◆ **WORK INSTRUCTIONS**
Find the number of lines containing the string "Toronto" in the data. Answer with the number by itself.

..........

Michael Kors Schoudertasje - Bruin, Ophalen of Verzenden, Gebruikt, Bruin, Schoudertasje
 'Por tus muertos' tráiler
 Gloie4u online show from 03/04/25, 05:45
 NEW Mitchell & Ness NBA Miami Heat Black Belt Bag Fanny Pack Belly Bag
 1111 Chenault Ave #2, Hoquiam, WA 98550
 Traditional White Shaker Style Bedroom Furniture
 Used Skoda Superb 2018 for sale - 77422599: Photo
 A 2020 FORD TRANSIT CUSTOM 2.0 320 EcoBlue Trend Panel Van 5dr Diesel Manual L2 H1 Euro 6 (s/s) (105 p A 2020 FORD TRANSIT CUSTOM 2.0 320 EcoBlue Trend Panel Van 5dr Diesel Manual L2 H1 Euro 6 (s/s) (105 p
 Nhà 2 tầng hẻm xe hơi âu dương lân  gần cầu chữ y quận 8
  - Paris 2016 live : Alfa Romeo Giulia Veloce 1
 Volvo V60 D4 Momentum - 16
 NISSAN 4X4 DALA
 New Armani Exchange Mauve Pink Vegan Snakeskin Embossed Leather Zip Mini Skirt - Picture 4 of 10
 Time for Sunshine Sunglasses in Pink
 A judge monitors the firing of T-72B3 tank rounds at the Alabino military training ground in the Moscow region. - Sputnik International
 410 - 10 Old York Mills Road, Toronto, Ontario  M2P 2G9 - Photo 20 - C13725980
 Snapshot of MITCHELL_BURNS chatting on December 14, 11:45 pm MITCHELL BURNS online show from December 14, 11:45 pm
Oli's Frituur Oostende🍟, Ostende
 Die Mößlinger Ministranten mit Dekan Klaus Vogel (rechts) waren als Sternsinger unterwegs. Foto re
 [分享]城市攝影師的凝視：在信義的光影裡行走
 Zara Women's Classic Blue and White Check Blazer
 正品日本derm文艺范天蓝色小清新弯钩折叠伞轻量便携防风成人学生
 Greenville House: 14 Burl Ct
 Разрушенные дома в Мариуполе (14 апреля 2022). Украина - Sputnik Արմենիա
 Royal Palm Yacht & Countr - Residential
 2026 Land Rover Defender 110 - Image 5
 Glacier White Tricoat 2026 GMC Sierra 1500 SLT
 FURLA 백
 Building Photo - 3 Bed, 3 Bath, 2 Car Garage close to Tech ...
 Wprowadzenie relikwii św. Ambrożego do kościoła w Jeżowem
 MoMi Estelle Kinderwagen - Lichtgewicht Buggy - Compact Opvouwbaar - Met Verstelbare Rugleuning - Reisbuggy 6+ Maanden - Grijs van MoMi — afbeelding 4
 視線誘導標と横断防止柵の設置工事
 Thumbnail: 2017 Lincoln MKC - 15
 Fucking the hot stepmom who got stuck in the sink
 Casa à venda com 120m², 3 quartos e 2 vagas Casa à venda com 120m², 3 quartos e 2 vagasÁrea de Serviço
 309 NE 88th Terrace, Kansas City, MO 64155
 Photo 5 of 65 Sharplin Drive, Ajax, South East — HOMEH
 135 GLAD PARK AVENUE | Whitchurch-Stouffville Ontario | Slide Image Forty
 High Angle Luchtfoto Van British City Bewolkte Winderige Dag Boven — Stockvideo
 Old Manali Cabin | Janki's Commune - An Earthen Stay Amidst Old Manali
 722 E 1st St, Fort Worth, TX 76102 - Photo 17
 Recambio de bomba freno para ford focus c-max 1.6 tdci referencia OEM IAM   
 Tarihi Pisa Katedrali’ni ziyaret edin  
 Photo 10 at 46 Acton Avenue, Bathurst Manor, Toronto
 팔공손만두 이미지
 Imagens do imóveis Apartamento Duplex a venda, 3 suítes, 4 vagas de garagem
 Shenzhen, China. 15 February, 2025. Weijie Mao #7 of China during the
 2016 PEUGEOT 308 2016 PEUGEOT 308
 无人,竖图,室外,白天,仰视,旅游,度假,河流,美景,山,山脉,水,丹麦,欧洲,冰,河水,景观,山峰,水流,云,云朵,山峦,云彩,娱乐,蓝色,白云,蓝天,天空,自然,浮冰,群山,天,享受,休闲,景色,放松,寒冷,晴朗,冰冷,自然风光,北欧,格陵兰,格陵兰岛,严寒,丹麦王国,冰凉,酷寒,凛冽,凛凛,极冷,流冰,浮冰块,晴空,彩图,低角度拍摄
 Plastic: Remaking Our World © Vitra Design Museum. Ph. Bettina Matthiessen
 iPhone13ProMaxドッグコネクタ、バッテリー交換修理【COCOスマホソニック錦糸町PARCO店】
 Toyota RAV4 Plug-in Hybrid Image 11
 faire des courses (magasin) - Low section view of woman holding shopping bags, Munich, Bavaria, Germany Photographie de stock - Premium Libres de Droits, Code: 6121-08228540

..........

◆ **WRITTEN ANSWER**
2